Worin mag Kleists innere Motivation bei der Bearbeitung des Stoffes bestanden haben? Vielleicht gibt uns die Verteilung von Sympathien und Antipathien, bezogen auf die Kurfürstentümer Sachsen und Brandenburg, einen Fingerzeig. Alles, was im Text negativ ist – ob schwankend, unberechenbar, willkürlich, unaufrichtig oder betrügerisch -, es geht von Sachsen aus, spielt sich auf dessen Boden ab oder wirkt von dort ins brandenburgische Territorium hinein. Die korrupte sächsische Tronka-Sippe zieht nicht nur am Dresdner Hof die Fäden, ihr Vertreter in Berlin verhindert zunächst auch, dass sich in Brandenburg Gerechtigkeit durchsetzen kann. Mit Brandenburg und seinen Bewohnern verbinden sich dagegen im Übrigen nur Solidität, gute Nachbarschaft, weise Obrigkeit. Man muss diese Schwarz-Weiß-Malerei vor dem politischen Hintergrund gegen 1810 sehen. Preußen lag nach dem für ihn bis dahin unglücklichen Verlauf der Napoleonischen Kriege am Boden, Sachsen dagegen war innerhalb des Rheinbundes einer der wichtigsten Vasallen Bonapartes und profitierte bis zu einem gewissen Grad von der Kontinentalsperre. Der Preuße Kleist wünschte dringend einen Umsturz dieser Verhältnisse und schrieb nun einen Text, in dem der Untergang des wettinischen Reiches vorhergesagt wird. Die Weissagung der Zigeunerin in Jüterbog ist das zentrale Motiv im letzten Viertel der Novelle, auf sie hin ist die gesamte Novelle konstruiert. Indem Kohlhaas den Zettel mit den Daten des Untergangs verschluckt, geht der Kelch nicht am Haus Wettin vorüber – nur der Zeitpunkt seines dynastischen Endes bleibt offen. Ironischerweise hat der Erzähler Kleist posthum mit der Neuordnung Europas auf dem Wiener Kongress als Prophet Recht bekommen, Sachsen wurde amputiert und als Machtfaktor auf Dauer ausgeschaltet.

Die Bereitwilligkeit, mit der die herkömmliche Interpretation überwiegend vom historischen Hintergrund des Stoffes wie der Textentstehung absah und sich auf die Schiene eines zeitlosen Rechtsproblems setzen ließ, ist bezeichnend für die lange Zeit so unpolitische Tradition der Germanistik.
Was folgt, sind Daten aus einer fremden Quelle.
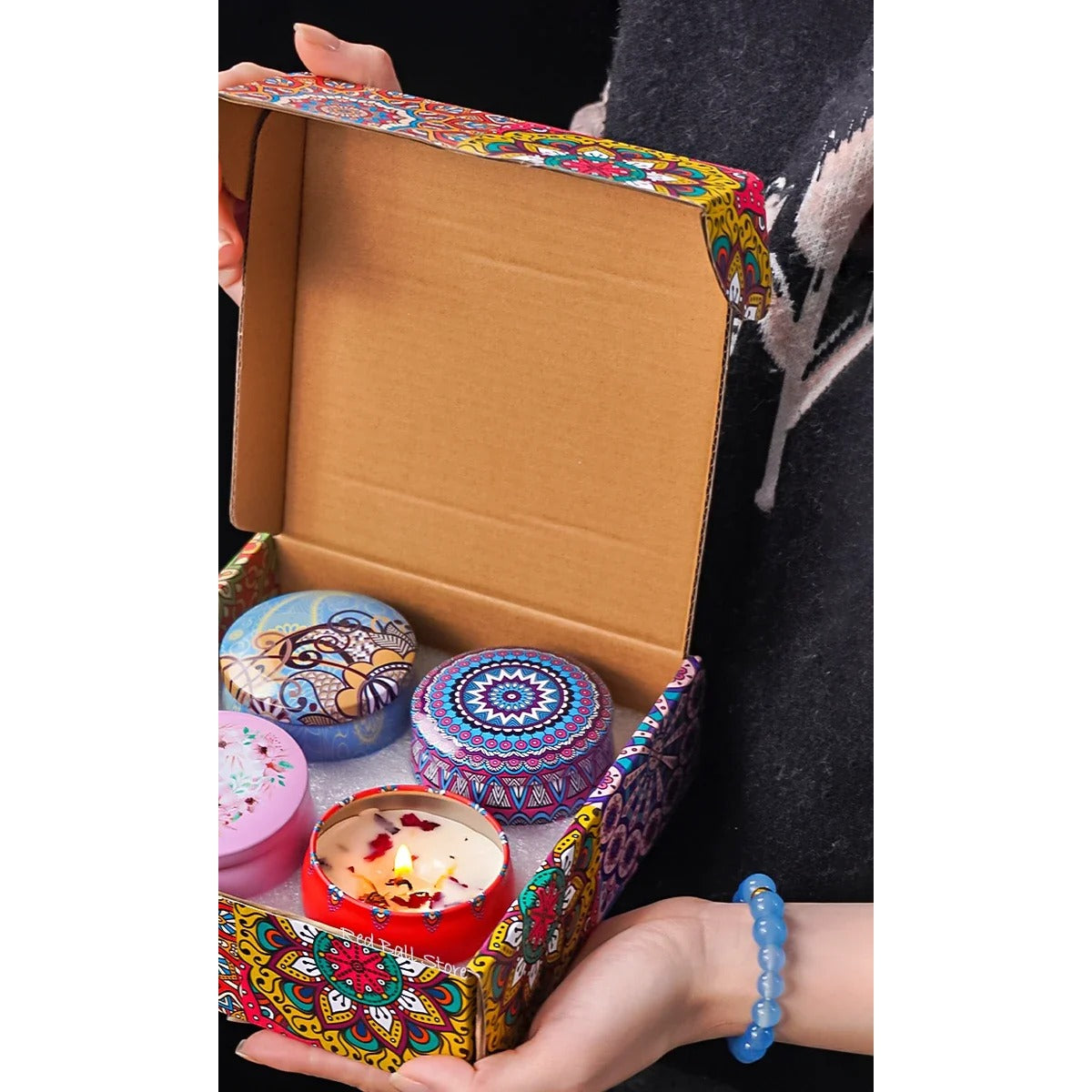 Scented candle gift box in hands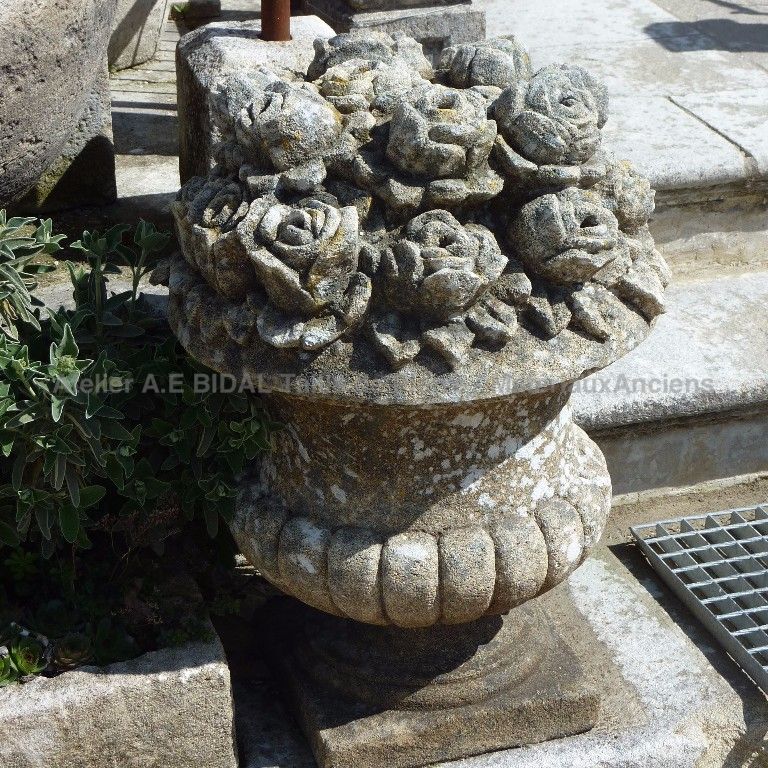 Beau vase en pierre contenant des fleurs sculptées par le sculpteur tailleur de pierre Bidal.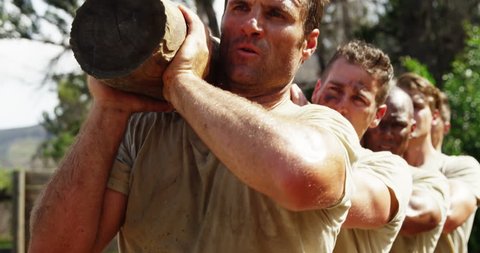 Military troops carrying heavy wooden log during obstacle course at boot camp 4k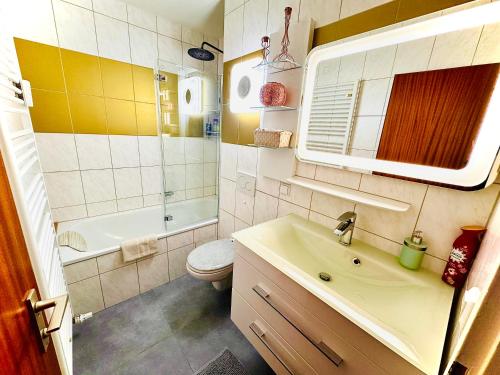 a bathroom with a sink and a toilet and a tub at Sunset View Apartment with Logia in Ettlingen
Und zu bedauern sind die Generationen von Schülern, die das Weltfremde dieser Deutung und die verborgene Problematik des Textes wohl spürten, in der Regel aber noch zu wenig über die Hintergründe wussten, als dass sie Kritik hätten üben können. „Michael Kohlhaas“ hat vor allem mit der Zeit zu tun, in der die Novelle geschrieben wurde, und maskiert sich zur Tarnung mehr schlecht als recht als historischer Stoff aus einem früheren Jahrhundert.